Обращался ли Дауэрлинг точно так же и с чехами? Задав такой вопрос, вы проявили бы удивительную наивность. Да, Дауэрлинг обращался так именно с чехами, составлявшими в его роте шестьдесят процентов солдат.
Помню, как он сказал, выбив глаз ополченцу Гоузеру:
— Pah, was fur Geschichte mit den Tschechen, miissen so wie so krepieren [72].
Он не сказал ничего нового. В этом состояла вся австрийская политика, ставившая себе целью уничтожить чехов: «Die Tschechen miissen so wie so krepieren».
Так сказал и фельдмаршал Конрад из Гётцен-дорфа в начале января 1916 года, произнося речь перед 8-й пехотной дивизией в Инсбруке.
XI
Любимое занятие Дауэрлинга состояло в том, чтобы собирать солдат-чехов и рассказывать им о военных задачах Австрии, тщательно и подробно объясняя общие принципы руководства армией — от шпанглей [73] до виселицы и расстрела — и указывая, как должен к этому относиться чешский народ.
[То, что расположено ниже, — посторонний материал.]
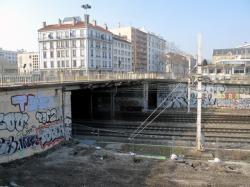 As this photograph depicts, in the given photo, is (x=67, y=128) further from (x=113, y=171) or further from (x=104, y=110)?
(x=104, y=110)

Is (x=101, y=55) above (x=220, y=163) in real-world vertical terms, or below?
above

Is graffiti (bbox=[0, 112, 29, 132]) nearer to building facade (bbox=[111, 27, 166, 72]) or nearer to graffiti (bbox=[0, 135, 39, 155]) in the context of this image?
graffiti (bbox=[0, 135, 39, 155])

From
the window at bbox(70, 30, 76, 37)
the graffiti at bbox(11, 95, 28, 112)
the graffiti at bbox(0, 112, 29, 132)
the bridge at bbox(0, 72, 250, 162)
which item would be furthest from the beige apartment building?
the graffiti at bbox(0, 112, 29, 132)

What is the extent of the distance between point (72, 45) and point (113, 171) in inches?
3535

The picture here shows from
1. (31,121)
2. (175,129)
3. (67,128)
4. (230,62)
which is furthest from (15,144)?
(230,62)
— Я знаю, что вы разбойники и надо выбить из вас ваш чешский вздор, — твердил он. — Его величество, наш всемилостивейший император и верховный командующий Франц-Иосиф I говорит только по-немецки; отсюда ясно, что немецкий язык — господствующий. Если б не было немецкого языка, разбойники, вы не могли бы даже падать на землю, так как nieder останется nieder'om, бандиты, хоть лопните. И не воображайте, будто в старину было иначе. Еще в Риме во времена его высшего расцвета существовала всеобщая воинская повинность, охватывавшая возрасты от семнадцати до шестидесяти лет, причем там служили по тридцать лет в походах, а не валялись, как свиньи, в лагерях. Уже в те времена военным языком был немецкий, и этот ваш Жижка [74] тоже не обошелся бы без немецкого. Все, что он выучил, взято из «Dienstreglement» и «Schiefiwe-sen» [75]… Так вот, запомните, что я вам стараюсь втемяшить в голову, и перестаньте говорить на своей тарабарщине. Кто будет отвечать на этом идиотском наречии, получит шпангли, а кому взбредет на ум, что это несправедливо, тот за свое verraterische Handlung [76] будет расстрелян и повешен, но прежде я ему раздеру глотку до самых ушей. А теперь скажите мне, "зачем я вам все это говорю?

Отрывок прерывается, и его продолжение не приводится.